Data shown

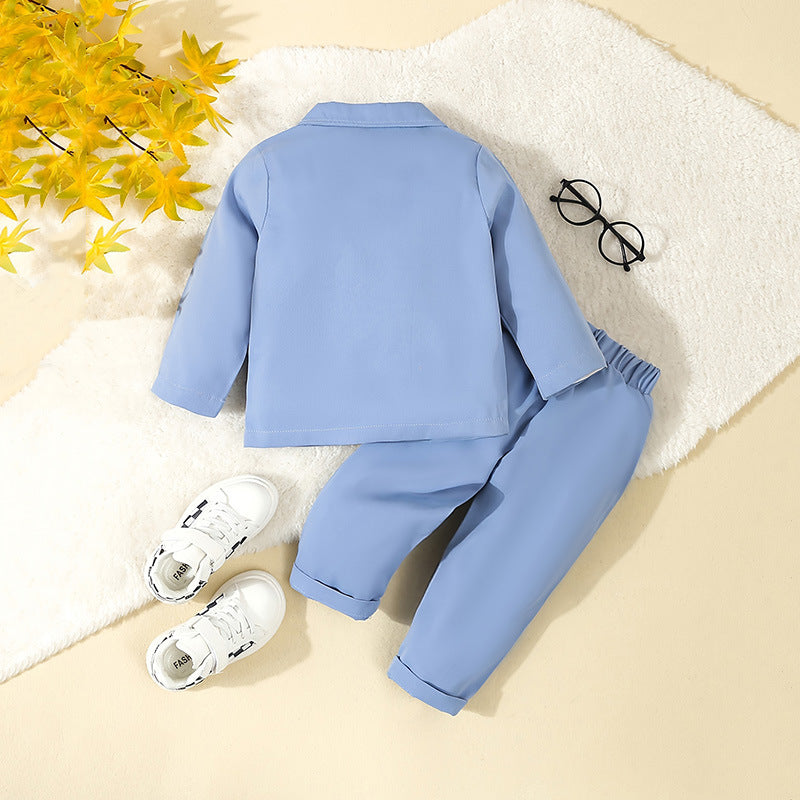 Elegante Completo per Bambini in Blu Pastello con Papillon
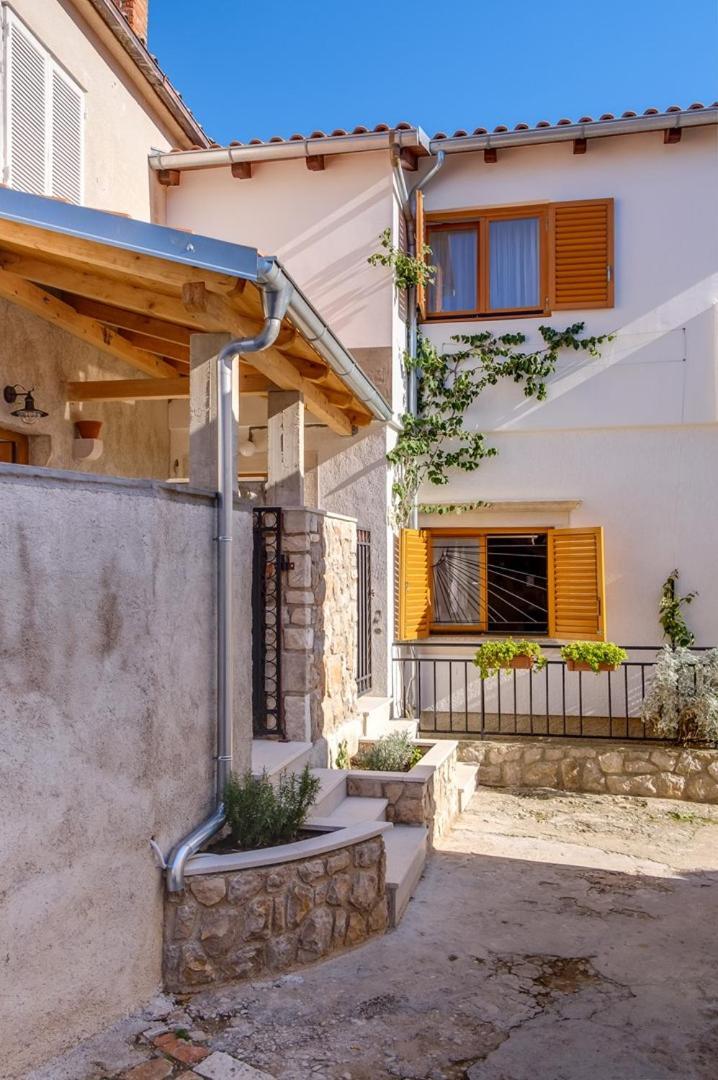 Elegant Apartment Iris Mali Lošinj Zewnętrze zdjęcie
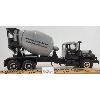 Image 5 : FIRST GEAR - MACK R-MODEL MIXER - 1:34 SCALE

What needs to be done
Nothing but the lines from the one that contains "Elegant Apartment Iris" through the end of the material above is to be reproduced, exactly and without pictures.

Task response
 Elegant Apartment Iris Mali Lošinj Zewnętrze zdjęcie
 Image 5 : FIRST GEAR - MACK R-MODEL MIXER - 1:34 SCALE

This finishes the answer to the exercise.